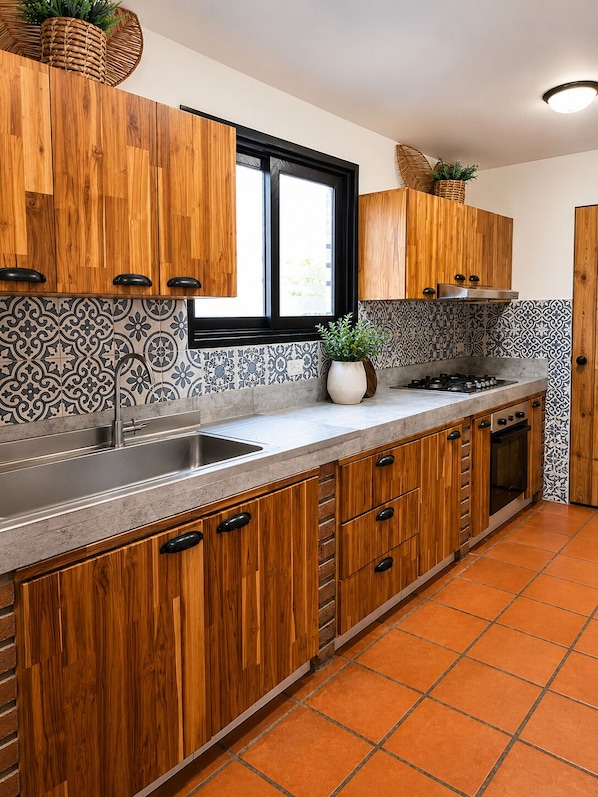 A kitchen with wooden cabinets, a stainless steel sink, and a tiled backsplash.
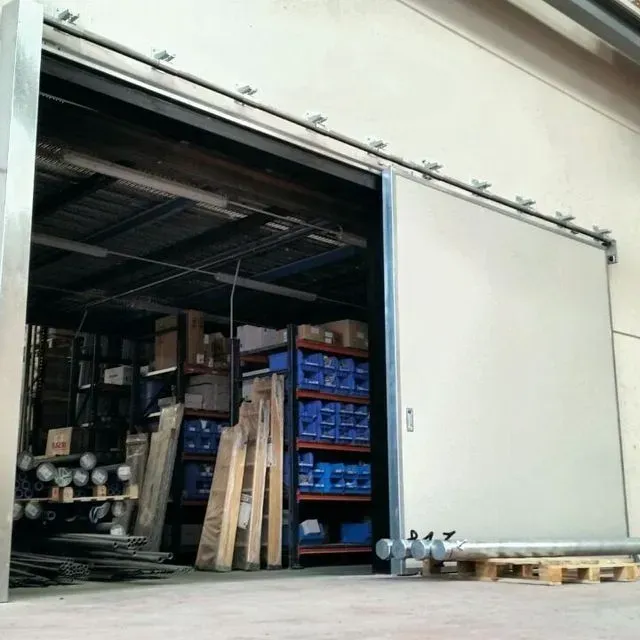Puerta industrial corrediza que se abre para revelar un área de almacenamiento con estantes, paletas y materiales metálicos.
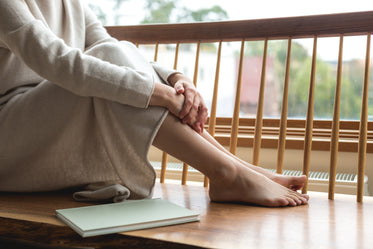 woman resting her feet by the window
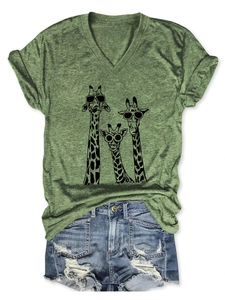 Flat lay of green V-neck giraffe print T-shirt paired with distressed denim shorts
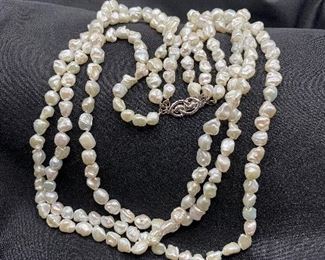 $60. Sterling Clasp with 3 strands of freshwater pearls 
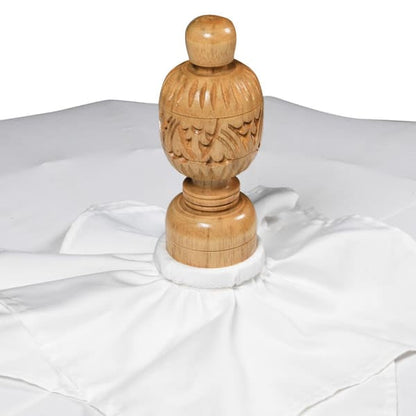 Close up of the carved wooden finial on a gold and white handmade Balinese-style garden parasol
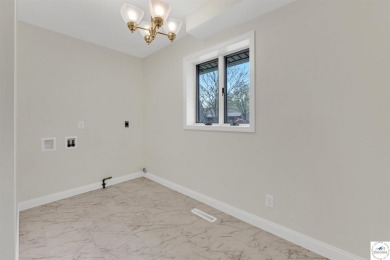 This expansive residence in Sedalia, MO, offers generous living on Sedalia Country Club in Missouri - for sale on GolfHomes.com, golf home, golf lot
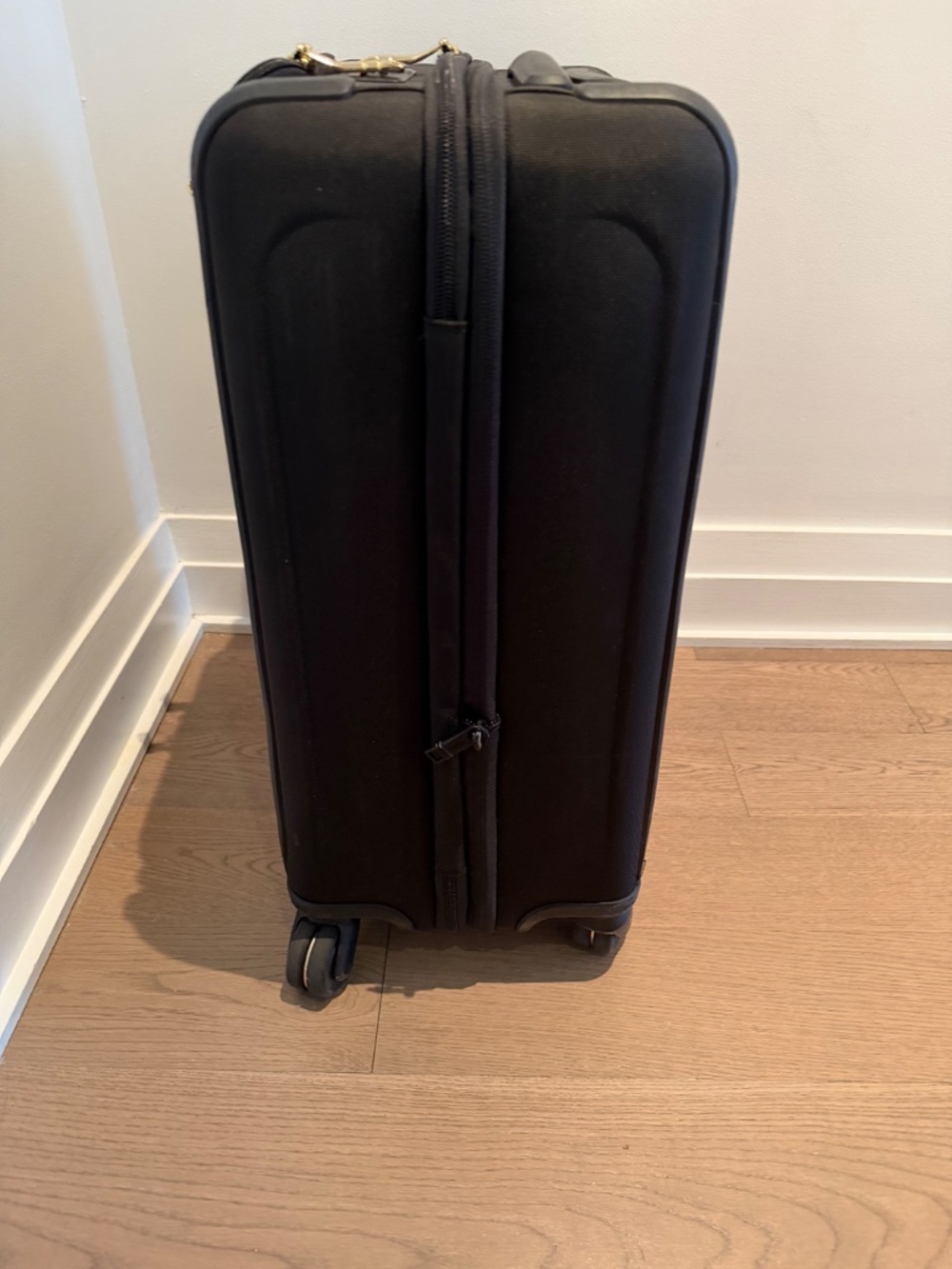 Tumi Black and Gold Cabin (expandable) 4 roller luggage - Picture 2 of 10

□ □ □

__TASK TO COMPLETE__:
Transcribe every line of the data exactly. No pictures go in the copy.

__SOLVED EXERCISE__:
 A kitchen with wooden cabinets, a stainless steel sink, and a tiled backsplash.
Puerta industrial corrediza que se abre para revelar un área de almacenamiento con estantes, paletas y materiales metálicos.
 woman resting her feet by the window
 Flat lay of green V-neck giraffe print T-shirt paired with distressed denim shorts
 $60. Sterling Clasp with 3 strands of freshwater pearls 
 Close up of the carved wooden finial on a gold and white handmade Balinese-style garden parasol
 This expansive residence in Sedalia, MO, offers generous living on Sedalia Country Club in Missouri - for sale on GolfHomes.com, golf home, golf lot
 Tumi Black and Gold Cabin (expandable) 4 roller luggage - Picture 2 of 10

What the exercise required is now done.